By Chad Karnes
Wall Street analysts’ votes are in. The S&P 500 will end the year around 1,952. Put your money in an index fund, sit back, and take in 6% this year. Easy, right?
If only investing were so simple. History shows us time and time again that there are good times to invest and bad times too. How can we distinguish between the two?
No Bears Among ‘Em
According to a MarketWatch survey of those ten Wall Street banks, on the high side J.P. Morgan (NYSE:JPM) sees the S&P at 2,075, a 12% potential gain by year end. On the low end of the estimates, Deutsche Bank (NYSE:DB) sees 1,850, a flat return from the recent close.
Almost every analyst has a different end of the year target price, but one thing they all have in common – in a sure sign of groupthink - is the expectation of higher market in 2014.
The chart below shows one of those Wall Street Bank’s estimates through time. Goldman Sachs (NYSE:GS) sees the S&P (NYSEARCA:SPY) at 1,900 by the end of the year and up to 2,100 by 2015 on the back of expected earnings growth.
But looking at the chart, one thing stands out. Like most market participants, Goldman’s price targets have lagged the market’s movements. They were bullish at the market’s peak in 2007 and bearish at the market’s bottom in 2009.
When the market is rising such as the mid-2000s and today, the bank keeps raising its estimates. At the market’s peak at 1,575 in 2007, Goldman expected a continued advance over 1,650. Then, when the markets fell 20% the bank finally reflected reality in their estimates, lowering them in 2008 as the market moved lower.
When the markets bottomed in March 2009, Goldman thought prices were going to continue lower, which they of course didn’t. They played catch up with their estimates throughout all of 2009 as the market rallied.
This is shown by the black line on the graph as their estimates are more a reflection of the past and recency bias than they are of the future, especially at key market turning points.
A Market that is Complacent is one that is Dangerous
Analysts use a lot of different data and tools to come up with estimates, expectations, etc. to balance risk and return expectations. For instance, although the analysts quoted above all expect the markets (NASDAQ:XIV) to end higher by next year, they also expect a “normal” 10% pullback at some point during the year, primarily because statistically it is long overdue.
If this is true, though, why not wait until that 10% pullback occurs before putting your money in the market? Wouldn't your reward potential would be over 16% instead of the 6% implied by their current estimates?

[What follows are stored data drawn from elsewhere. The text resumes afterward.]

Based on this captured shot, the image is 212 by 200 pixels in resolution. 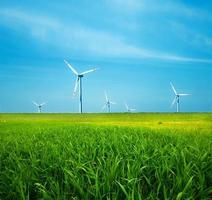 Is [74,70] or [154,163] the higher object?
[74,70]

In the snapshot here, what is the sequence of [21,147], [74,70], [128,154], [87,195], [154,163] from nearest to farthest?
[87,195]
[154,163]
[128,154]
[21,147]
[74,70]

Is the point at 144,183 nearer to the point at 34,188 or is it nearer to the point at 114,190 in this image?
the point at 114,190

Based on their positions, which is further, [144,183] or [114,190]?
[144,183]

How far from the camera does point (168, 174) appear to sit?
478 centimetres

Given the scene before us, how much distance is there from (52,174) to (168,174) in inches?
70.7

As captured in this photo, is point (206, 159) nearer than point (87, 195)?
No

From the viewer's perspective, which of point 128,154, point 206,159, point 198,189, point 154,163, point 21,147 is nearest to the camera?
point 198,189

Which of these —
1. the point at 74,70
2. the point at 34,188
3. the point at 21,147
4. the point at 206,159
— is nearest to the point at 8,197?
the point at 34,188

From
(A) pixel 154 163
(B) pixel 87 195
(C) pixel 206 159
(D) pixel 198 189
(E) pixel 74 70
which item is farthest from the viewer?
(E) pixel 74 70

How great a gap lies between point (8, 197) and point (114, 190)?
1454 millimetres

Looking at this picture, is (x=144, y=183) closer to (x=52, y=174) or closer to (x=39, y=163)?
(x=52, y=174)

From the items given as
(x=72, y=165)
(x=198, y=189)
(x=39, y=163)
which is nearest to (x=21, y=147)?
(x=39, y=163)

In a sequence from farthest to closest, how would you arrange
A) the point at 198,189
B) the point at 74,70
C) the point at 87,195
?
the point at 74,70 < the point at 198,189 < the point at 87,195

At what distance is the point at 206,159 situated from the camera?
558 cm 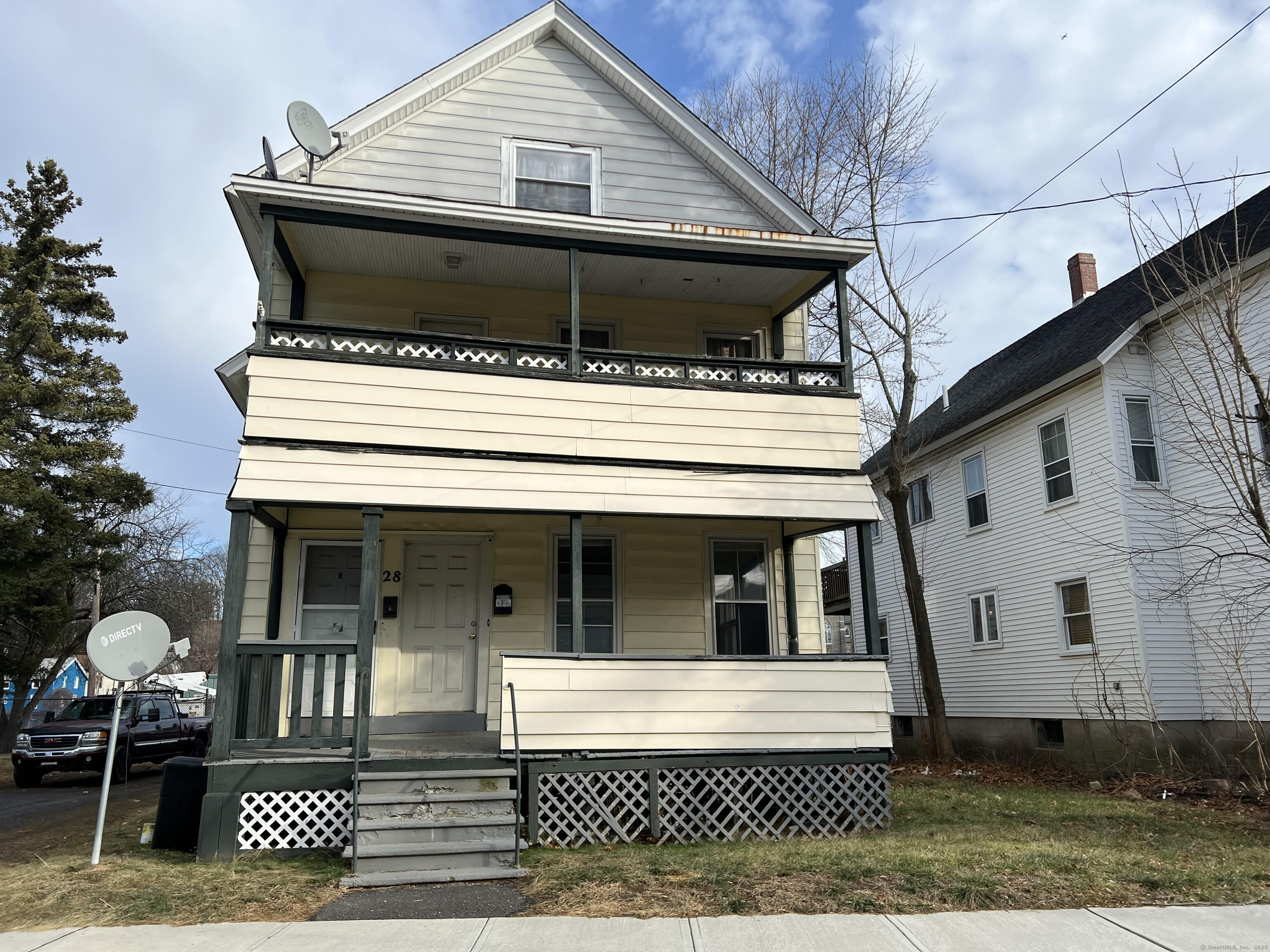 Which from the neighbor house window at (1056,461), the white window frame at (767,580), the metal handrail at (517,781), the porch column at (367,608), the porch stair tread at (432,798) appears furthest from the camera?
the neighbor house window at (1056,461)

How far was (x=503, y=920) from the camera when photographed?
605 cm

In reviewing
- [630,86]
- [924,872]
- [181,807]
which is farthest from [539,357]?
[924,872]

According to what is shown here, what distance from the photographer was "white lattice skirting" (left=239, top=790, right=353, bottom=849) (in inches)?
329

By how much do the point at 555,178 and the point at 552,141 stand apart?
0.53 m

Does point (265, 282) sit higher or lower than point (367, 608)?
higher

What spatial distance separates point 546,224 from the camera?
10328 millimetres

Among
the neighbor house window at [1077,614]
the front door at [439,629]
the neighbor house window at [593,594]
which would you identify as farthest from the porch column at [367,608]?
the neighbor house window at [1077,614]

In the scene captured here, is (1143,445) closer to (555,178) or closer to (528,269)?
(555,178)

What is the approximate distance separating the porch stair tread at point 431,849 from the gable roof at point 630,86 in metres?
8.31

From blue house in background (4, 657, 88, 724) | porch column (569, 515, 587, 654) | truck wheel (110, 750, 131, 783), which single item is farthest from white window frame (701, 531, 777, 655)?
blue house in background (4, 657, 88, 724)

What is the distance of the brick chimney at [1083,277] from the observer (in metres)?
22.1

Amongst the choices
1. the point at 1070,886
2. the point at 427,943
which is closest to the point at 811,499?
the point at 1070,886

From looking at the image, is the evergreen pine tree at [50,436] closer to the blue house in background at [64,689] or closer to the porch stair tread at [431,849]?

But when is the 10% pullback going to occur?
The chart below shows a tool I am using that other analysts likely aren’t or are choosing to ignore because it doesn’t support their conflicted interests of a rising market (NYSEARCA:SSO).
The chart below suggests conditions are ripe now for such a large pullback.

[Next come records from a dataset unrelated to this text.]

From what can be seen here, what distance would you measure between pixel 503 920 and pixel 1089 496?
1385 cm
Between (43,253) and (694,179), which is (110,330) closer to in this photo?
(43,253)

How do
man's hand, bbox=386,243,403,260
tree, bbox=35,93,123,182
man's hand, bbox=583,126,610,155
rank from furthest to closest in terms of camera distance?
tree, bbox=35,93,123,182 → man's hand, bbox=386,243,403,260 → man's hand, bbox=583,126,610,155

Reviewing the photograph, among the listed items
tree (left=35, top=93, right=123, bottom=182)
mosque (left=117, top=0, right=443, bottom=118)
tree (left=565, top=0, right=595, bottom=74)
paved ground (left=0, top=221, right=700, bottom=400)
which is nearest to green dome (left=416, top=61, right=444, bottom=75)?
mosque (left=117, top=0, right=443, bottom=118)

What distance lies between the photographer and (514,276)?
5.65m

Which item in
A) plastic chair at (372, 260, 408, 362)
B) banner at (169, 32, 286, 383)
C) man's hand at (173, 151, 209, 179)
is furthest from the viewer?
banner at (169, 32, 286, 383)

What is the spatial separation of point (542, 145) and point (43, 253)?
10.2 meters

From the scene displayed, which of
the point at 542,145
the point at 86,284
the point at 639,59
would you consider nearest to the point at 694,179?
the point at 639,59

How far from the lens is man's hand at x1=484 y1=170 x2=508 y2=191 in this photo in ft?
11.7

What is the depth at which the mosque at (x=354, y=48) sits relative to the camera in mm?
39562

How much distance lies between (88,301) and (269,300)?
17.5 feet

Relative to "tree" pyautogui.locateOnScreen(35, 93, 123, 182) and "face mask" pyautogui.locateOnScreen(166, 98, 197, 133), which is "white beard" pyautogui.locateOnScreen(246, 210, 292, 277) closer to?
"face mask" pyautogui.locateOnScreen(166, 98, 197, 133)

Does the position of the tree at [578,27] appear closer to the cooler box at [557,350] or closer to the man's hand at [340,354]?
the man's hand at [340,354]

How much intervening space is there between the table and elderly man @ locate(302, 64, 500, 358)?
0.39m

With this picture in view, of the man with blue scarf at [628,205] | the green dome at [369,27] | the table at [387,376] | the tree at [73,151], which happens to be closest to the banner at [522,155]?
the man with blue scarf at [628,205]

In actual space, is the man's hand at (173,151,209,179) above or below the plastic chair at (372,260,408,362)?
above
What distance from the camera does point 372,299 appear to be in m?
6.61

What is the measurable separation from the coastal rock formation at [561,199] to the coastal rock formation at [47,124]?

In an article I wrote on 1/13 just before the market fell 6% last month entitled “Rough Road Ahead for an Overly Bullish Stock Market”, I pointed to the above chart along with a few other indicators that were warning of extreme complacency in the market.
As can be seen, even though it is now one month later and the market has already recovered the 6% pullback last month, complacency still sits near all-time highs as the number of investors actually expecting a market decline (measured by those who own put options compared to call options) still resides at six year lows.

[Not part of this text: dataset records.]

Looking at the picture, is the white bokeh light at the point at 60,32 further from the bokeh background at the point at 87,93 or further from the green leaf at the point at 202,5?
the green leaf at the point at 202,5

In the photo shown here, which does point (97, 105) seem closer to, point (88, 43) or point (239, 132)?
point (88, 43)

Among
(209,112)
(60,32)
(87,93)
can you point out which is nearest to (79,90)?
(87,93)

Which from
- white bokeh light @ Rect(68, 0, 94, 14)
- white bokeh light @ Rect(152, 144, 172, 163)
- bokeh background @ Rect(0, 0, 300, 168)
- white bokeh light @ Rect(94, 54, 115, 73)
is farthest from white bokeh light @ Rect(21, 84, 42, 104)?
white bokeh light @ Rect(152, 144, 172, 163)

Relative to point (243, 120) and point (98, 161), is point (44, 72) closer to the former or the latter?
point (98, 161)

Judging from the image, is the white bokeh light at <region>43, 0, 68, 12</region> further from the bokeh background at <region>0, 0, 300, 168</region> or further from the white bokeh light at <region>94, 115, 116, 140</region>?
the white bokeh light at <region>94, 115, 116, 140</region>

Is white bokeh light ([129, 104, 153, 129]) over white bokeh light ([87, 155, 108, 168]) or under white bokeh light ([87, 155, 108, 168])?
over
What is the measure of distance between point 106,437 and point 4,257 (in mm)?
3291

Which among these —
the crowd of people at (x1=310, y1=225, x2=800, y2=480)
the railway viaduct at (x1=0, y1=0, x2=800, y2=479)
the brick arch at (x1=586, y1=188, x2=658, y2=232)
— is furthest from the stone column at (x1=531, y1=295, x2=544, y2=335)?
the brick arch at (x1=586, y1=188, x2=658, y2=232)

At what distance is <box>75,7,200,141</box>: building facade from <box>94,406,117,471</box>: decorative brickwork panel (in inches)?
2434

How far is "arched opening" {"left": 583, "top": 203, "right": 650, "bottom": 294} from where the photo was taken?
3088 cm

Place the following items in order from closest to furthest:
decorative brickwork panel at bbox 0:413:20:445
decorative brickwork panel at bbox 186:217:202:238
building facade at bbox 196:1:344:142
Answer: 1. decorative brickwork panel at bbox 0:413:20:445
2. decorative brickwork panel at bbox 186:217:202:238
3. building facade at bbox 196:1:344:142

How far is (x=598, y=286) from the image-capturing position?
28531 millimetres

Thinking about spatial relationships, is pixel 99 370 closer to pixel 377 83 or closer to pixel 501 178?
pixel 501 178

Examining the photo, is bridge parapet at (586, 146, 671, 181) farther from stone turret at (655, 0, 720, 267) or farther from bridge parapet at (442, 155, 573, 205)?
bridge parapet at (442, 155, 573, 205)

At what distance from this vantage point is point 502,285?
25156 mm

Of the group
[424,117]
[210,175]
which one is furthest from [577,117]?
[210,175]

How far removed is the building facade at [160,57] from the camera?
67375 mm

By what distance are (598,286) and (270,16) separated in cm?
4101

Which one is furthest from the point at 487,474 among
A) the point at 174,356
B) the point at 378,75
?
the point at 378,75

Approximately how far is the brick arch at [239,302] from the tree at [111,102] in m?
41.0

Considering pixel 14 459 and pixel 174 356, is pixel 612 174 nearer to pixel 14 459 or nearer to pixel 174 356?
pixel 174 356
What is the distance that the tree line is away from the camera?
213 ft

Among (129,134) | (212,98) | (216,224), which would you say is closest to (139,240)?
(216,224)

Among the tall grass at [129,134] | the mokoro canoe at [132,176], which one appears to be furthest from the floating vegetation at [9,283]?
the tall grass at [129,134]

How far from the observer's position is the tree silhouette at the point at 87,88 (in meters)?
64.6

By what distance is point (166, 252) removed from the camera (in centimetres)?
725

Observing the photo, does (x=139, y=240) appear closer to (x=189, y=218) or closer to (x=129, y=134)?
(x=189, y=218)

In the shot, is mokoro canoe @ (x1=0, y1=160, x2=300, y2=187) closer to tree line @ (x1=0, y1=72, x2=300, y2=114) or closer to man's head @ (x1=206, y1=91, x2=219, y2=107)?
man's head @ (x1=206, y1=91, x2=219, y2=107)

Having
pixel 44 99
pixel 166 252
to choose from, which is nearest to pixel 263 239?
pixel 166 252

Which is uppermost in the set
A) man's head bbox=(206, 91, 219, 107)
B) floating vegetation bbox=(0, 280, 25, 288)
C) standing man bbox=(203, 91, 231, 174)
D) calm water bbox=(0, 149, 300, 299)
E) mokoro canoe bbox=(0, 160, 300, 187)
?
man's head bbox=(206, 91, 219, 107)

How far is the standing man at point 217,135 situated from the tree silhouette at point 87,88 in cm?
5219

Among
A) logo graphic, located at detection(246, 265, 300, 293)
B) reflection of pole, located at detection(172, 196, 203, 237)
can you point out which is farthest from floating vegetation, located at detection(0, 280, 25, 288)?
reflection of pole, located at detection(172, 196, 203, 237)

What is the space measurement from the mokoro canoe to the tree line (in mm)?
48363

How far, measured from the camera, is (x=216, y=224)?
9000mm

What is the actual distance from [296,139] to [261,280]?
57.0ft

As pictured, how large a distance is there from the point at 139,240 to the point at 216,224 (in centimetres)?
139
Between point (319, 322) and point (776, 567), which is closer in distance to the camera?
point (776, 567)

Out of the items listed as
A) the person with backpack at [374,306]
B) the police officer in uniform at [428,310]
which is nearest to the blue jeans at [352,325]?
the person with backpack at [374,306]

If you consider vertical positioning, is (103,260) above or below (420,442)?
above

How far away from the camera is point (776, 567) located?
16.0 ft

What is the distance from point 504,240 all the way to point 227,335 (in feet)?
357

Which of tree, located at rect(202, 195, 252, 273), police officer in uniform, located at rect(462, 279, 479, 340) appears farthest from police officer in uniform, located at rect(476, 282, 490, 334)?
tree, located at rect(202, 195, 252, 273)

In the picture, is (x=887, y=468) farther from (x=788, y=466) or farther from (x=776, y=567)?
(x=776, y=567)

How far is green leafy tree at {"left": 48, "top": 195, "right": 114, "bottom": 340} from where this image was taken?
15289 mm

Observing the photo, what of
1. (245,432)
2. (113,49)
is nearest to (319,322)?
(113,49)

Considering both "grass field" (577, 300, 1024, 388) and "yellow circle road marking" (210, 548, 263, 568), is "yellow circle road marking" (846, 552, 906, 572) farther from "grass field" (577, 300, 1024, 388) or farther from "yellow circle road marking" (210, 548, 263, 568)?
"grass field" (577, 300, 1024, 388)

The chart shows that when this ratio bottoms (historically around 80% the number of puts to the number of calls) the market (NYSEARCA:SDS) has its largest pullbacks. After all when everyone is bullish, there are fewer bulls left to continue to push the market higher as well as less people to sell to. Eventually bulls dry up and price must decline to attract them again.
When this ratio spikes higher, it has identified the better opportunities to go long. But right now this indicator suggests investors are far from that opportunity.
Are you still sure buying stocks at these levels is the right course?